### Supplied entries

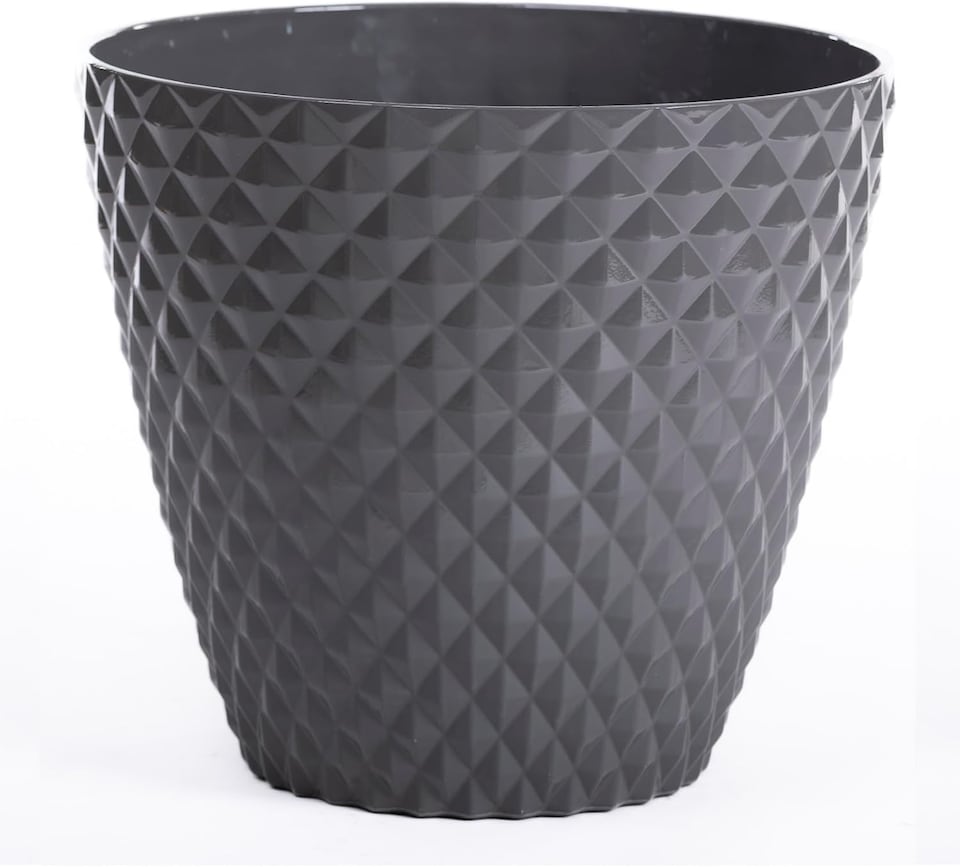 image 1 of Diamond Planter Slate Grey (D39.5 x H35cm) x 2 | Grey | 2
...
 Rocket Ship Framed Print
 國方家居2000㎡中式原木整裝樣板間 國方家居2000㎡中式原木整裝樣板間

### What the task requires
All lines above between those holding "Rocket Ship Framed Print" and "國方家居2000㎡中式原木整裝樣板間 國方家居2000㎡中式原木整裝樣板間", inclusive, must be set down unchanged, and no other line may be included.

### Answer below
 Rocket Ship Framed Print
 國方家居2000㎡中式原木整裝樣板間 國方家居2000㎡中式原木整裝樣板間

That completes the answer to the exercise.